- **About this exercise**
Below are records; the lines starting at the one with "Infant Headband Plaid" and ending at the one with "POPETPOP Spatule Cuisine" must be reproduced exactly, both included. Pictures must not appear.

- **Exercise inputs**
──────────────────────────────
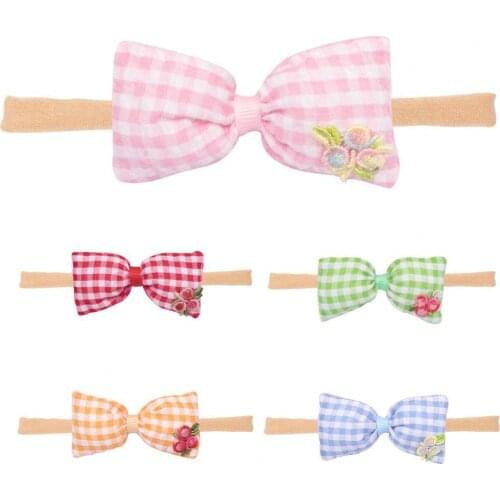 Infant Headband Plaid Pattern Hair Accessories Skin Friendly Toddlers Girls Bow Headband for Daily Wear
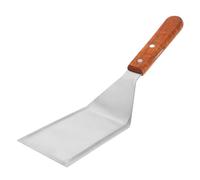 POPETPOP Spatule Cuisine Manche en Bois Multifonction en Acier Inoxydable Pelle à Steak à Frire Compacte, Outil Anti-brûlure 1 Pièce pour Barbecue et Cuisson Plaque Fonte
──────────────────────────────
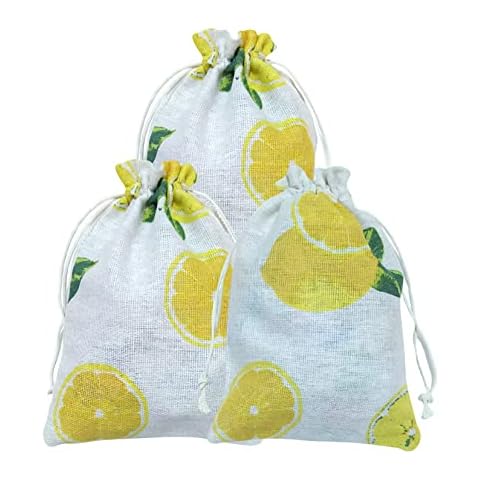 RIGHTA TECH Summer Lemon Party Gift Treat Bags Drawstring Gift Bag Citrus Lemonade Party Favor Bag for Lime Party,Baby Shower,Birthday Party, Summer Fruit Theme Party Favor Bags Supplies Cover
──────────────────────────────
- **Solution to this problem**
 Infant Headband Plaid Pattern Hair Accessories Skin Friendly Toddlers Girls Bow Headband for Daily Wear
 POPETPOP Spatule Cuisine Manche en Bois Multifonction en Acier Inoxydable Pelle à Steak à Frire Compacte, Outil Anti-brûlure 1 Pièce pour Barbecue et Cuisson Plaque Fonte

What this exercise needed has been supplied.